# [Input data]
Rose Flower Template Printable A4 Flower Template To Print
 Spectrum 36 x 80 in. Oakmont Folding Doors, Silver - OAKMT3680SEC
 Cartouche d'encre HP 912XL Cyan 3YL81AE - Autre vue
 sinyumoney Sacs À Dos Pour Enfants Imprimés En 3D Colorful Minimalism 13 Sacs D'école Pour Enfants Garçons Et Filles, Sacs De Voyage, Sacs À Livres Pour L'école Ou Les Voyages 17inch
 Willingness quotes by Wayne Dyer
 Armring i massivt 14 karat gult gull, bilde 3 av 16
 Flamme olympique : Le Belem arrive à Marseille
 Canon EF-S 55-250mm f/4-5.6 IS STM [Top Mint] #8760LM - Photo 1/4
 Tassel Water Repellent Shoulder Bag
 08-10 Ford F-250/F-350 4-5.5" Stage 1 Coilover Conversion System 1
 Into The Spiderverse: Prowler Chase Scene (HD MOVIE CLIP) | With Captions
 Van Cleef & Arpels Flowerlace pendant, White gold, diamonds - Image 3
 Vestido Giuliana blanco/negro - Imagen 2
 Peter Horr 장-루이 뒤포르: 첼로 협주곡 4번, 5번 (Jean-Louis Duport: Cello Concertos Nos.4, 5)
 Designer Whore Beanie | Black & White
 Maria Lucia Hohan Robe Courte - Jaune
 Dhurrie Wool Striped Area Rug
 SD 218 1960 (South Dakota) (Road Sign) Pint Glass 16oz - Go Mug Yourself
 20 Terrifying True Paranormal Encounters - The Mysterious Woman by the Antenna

# [Work to be completed]
The lines to return are those in the entries above that include "White".

# [Task solution]
 Van Cleef & Arpels Flowerlace pendant, White gold, diamonds - Image 3
 Designer Whore Beanie | Black & White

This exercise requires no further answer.